Corde, który na co dzień bada korale głębinowe, odkrył niezwykłe podwodne jezioro w 2014 roku, dzięki zdalnie sterowanemu podwodnemu robotowi Hercules. Rok później została zorganizowana wyprawa Nautilus, podczas której Corde wraz dwoma osobami postanowił bliżej przyjrzeć się niesamowitemu zjawisku i zszedł na dno Zatoki Meksykańskiej w statku załogowym Alvin.
"Miejsce nie z tego świata"
- To była jedna z najbardziej niesamowitych rzeczy w głębinach. Schodzisz na dno oceanu i patrzysz na jezioro lub płynącą rzekę. Wydaje ci się, że to miejsce nie z tego świata - mówi Cordes.
Podwodne jezioro o średnicy około 30 m i głębokości ponad 3,5 m, znajduje się około 1005 metrów pod taflą Zatoki Meksykańskiej. Zbiornik jest wypełniony bardzo słoną wodą o dużej gęstości. Jest ona około pięć razy bardziej słona, od wody otaczającej basen, przez co osadza się na dnie.
Ogromne niebezpieczeństwo
Wiadomo, że w "jeziorze" są bardzo toksyczne, wysokie stężenia metanu i siarczku wodoru, przez co znajdująca się w nim woda nie może wymieszać się z tą spoza zbiornika.
Toksyczna zawartość podwodnego basenu solankowego może być śmiertelnie niebezpieczna dla ludzi i stworzeń, którzy się w nim znajdą. Świadczą o tym liczne szkielety krabów głębinowych, które zawędrowały do zbiornika w poszukiwaniu pożywienia. Według naukowców, w tak trudnych warunkach mogą przeżyć jedynie bakterie, wieloszczety (bezkręgowce morskie) i krewetki.
Nieświadome zagrożenia
Jak poinformował Scott Wankel, biogeochemik z ośrodka badawczego Woods Hole Oceanographic Institution, solanka w "Jacuzzi Rozpaczy" ma temperaturę około 18 st. C, a otaczająca ją woda Zatoki Meksykańskiej - prawie 4 st. C. Właśnie przez to ciepło, w kierunku basenu kierują się nieświadome zagrożenia morskie stworzenia.
- [Zbiornik] jest ciepły, ale bardzo słony - mówi Wankel. - Gdy [zwierzęta] tam wchodzą, umierają, marynują się i są zakonserwowane - dodaje badacz.

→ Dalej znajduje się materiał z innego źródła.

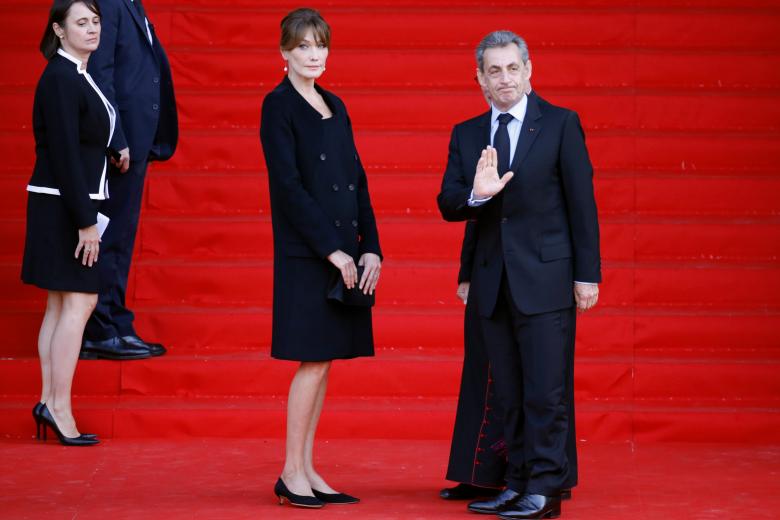 Former French President Nicolas Sarkozy and his wife Carla Bruni attending a military funeral honors ceremony for Jacques Chirac at the HoteldesInvalides during a national day of mourning in Paris, France, September 30, 2019. *** Local Caption *** .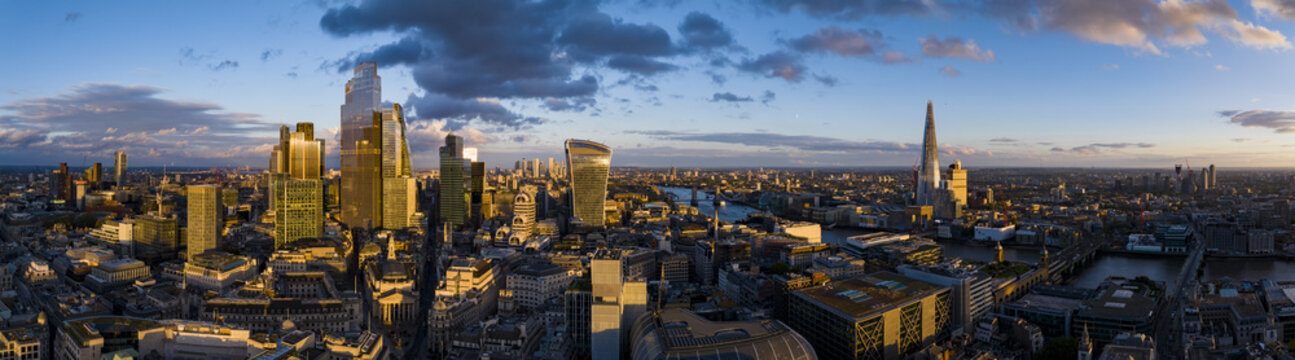 Aerial view of the River Thames snaking through the city, with iconic buildings like The Shard and the Walkie Talkie gleaming in the sunlight, London, England, United Kingdom.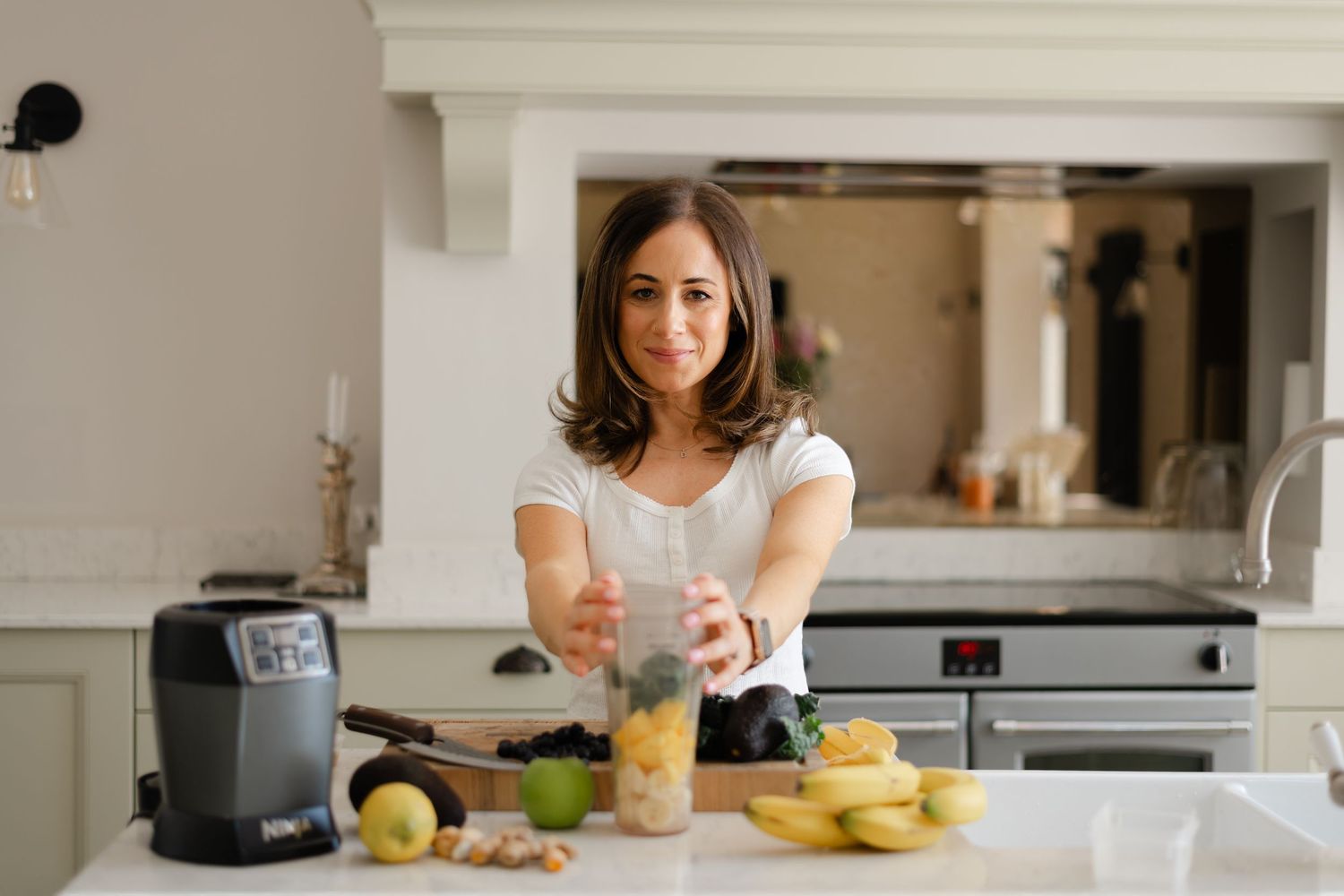 Someone stands in a bright white kitchen preparing food with fresh ingredients and a blender on the counter.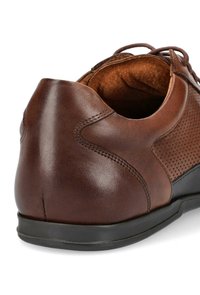 Brązowy skórzany but z perforowanym wzorem, gładką fakturą, zaokrąglonym obcasem, kontrastującą czarną podeszwą i przeszyciami z tyłu.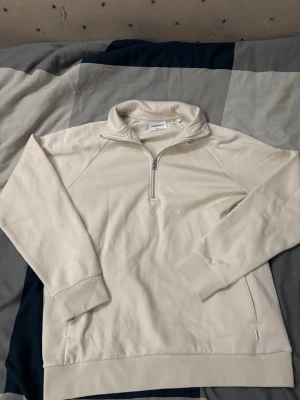 Beige half zip hoodie från Lindbergh - Snygg beige hoodie från Lindbergh med half zip-dragkedja och broderad logga på bröstet. Tillverkad i mjuk bomull och har en hög krage för extra stilpoäng. Perfekt för dig som gillar en clean och enkel look.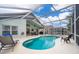 Inviting screened pool and spa with plenty of lounge chairs and a view of the backyard at 2060 Hemingway Ave, Haines City, FL 33844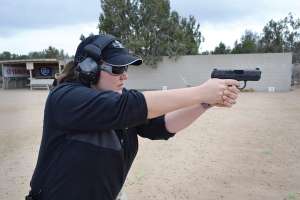 Mossberg MC1sc Hilary Dyer at range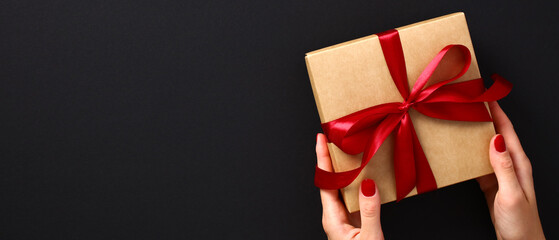 Female hands with luxury gift box on black background. Black friday sale banner design. Flat lay, top view, copy space.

Choć "jezioro" jest śmiertelnie niebezpieczne, dla naukowców stanowi doskonałe pole do badań. Mogą w ten sposób m.in. sprawdzić, w jaki sposób niektóre organizmy są zdolne do przetrwania w tak ekstremalnych środowiskach.
- Wiele osób patrząc na tak ekstremalne siedliska na Ziemi, może uważać je za coś, co możemy odkryć udając się na inne planety - mówi Cordes.